Archive for October, 2006

An Occasion to Dress Up

Posted by kristiankerr on October 31, 2006

Our secret plan to subvert the staid and steady Argentine culture with frivolity and mayhem was a smashing success. Halloween is not celebrated here, although many are aware of it’s existence. We were concerned, at first, about the success rate that we might have what with all the questions and concerns about dressing up we were receiving from our invitees. I thought they wouldn’t really get into it, but boy was I wrong. Rather than being timid about the putting on costumes, everyone put a lot into their costumes. It was as if the human desire to dress up as something you are not, to escape who you are supposed to be, had been repressed, and we opened up the floodgates. It was fun chatting and dancing and drinking. We even had two jack-o-lanterns. One was mine and a guy from Montana (the state) brought and carved the other one. I guess the repressed need to hollow out a squash and carve a face in it is not as deep as the one to costume up.

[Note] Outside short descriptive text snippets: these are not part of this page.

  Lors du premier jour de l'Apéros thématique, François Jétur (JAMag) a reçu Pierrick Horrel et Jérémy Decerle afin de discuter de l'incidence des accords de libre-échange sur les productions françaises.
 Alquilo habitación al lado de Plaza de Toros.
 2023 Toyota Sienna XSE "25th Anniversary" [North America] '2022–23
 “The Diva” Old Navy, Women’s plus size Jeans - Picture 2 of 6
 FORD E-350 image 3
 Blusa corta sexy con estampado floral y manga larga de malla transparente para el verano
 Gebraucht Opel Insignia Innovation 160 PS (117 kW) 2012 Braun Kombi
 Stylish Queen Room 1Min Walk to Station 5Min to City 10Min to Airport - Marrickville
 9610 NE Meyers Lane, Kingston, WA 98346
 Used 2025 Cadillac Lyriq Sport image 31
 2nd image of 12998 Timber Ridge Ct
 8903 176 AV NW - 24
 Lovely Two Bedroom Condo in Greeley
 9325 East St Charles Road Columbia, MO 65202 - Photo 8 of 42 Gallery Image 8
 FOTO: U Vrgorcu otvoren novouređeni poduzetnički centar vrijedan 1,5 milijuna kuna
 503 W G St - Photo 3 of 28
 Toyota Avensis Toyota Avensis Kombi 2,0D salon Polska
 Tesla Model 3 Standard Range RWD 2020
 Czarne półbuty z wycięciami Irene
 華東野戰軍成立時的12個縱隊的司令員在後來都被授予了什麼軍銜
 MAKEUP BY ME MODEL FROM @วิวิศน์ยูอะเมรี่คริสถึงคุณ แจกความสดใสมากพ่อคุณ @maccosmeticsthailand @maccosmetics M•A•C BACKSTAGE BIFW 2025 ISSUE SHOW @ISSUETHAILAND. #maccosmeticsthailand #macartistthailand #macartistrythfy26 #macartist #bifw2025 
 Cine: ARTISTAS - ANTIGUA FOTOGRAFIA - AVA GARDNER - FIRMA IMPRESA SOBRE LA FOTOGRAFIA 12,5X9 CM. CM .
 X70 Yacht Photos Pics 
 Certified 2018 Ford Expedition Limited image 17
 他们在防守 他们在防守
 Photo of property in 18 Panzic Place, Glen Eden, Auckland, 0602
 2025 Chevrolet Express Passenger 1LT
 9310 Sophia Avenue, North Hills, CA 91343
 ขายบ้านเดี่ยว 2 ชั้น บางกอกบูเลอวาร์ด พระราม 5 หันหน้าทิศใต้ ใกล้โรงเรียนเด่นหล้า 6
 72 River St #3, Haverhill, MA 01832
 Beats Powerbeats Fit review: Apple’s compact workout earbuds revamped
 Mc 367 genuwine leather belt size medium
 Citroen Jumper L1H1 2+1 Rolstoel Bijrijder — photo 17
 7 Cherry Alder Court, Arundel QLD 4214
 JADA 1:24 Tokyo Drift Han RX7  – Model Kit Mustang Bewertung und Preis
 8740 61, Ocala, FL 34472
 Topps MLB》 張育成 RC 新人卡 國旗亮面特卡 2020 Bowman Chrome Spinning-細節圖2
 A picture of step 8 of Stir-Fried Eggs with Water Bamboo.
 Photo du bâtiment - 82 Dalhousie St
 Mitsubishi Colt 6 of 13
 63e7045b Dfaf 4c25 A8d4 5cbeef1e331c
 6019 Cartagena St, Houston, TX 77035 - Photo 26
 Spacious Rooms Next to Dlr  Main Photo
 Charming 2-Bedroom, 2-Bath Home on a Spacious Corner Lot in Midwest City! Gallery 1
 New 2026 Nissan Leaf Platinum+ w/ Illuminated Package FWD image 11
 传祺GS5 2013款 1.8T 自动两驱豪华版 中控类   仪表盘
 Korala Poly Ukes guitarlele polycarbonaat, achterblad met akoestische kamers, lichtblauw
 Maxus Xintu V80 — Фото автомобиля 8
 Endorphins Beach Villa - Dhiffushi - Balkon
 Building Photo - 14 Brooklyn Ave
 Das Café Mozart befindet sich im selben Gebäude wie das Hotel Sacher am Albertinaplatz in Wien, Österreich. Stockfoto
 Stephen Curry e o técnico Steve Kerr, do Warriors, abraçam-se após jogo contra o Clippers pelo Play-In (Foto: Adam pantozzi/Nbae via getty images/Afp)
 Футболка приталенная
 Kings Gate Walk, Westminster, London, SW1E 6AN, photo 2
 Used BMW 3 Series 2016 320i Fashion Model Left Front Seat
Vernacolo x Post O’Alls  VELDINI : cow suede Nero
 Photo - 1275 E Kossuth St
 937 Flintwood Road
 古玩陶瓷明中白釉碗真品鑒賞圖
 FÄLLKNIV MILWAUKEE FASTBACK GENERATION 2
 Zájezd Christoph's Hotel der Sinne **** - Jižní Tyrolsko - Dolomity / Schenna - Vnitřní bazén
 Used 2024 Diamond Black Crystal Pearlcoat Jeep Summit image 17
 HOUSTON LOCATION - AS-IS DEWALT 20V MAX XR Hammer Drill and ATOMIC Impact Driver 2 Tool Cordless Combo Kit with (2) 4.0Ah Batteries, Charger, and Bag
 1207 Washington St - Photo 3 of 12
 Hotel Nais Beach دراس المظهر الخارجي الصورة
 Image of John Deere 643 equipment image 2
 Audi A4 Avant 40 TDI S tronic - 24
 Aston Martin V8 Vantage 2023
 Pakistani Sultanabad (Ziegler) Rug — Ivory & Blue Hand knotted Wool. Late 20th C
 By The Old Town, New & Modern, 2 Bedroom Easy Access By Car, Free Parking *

the one on the far right is not a transvestite.

Nothing kicks a Halloween party into high gear as much as the arrival of the transvestites. These guys, like the rest, made their costumes from scratch. The kitty-cat, in particular was quite elaborate. The karate boys (not transvestites) put on a good showing as the Powder Puff Girls. Our Mendocina sister, Lula and Danish friend, Astrid, tried to drain everyone of their blood. And like the good Argentines we strive to be, we stayed up all night until the sun of the following day shone brightly enough to evaporate those feisty vampires.

Vampiress with crazy hat

These two photos, as well as some of the others in the photo set on Flickr are courtesy of Astrid who appears above as the vampire with a goofy hat. Thanks Astrid!

Posted in Argentina, Food & Drink, Friends, Mendoza | Leave a Comment »

Hot Fresh Brownies

Posted by kristiankerr on October 23, 2006

Brownies Artesanaales

My wife’s funniest job was as a brownietelera. To give you a hint of what a brownietelera is, or might be if the word actually existed, cafételero is the guy who rides around on his bike chanting “Hay café, café, café. Hay café, café.” I wrote about the people who go around selling you the stuff you need in my Termas de Río Hondo post. I realize now, though, that I never mentioned one of the best chant sellers that I have ever encountered. This occured at the “Colorado” fútbol game I attended in Brazil. A big black man walked throught the stands bellowing “CERVECA!” in an almost ground-shaking voice. How could Gigi and I resist? “We’ll take four.”

So, she has this great idea to sell hot, fresh, brownies to the artisans & hippies along our street and in Plaza Independencia. Who could resist such a sumptuous temptation? Well, the locals turned out to be, if not anti-brownie, then at least brownie-apathetic. Sadly, the hot and fresh that she so painstakingly tried to insure with speedy delivery right out of the oven, in a towel wrapped pan, was completely lost on the Argentines. She sold one good and hot to a guy as she headed up one side of the street. On her return, half an hour later, she was dismayed to learn that her once hot, fresh, brownie had been left alone to get cold and dry out.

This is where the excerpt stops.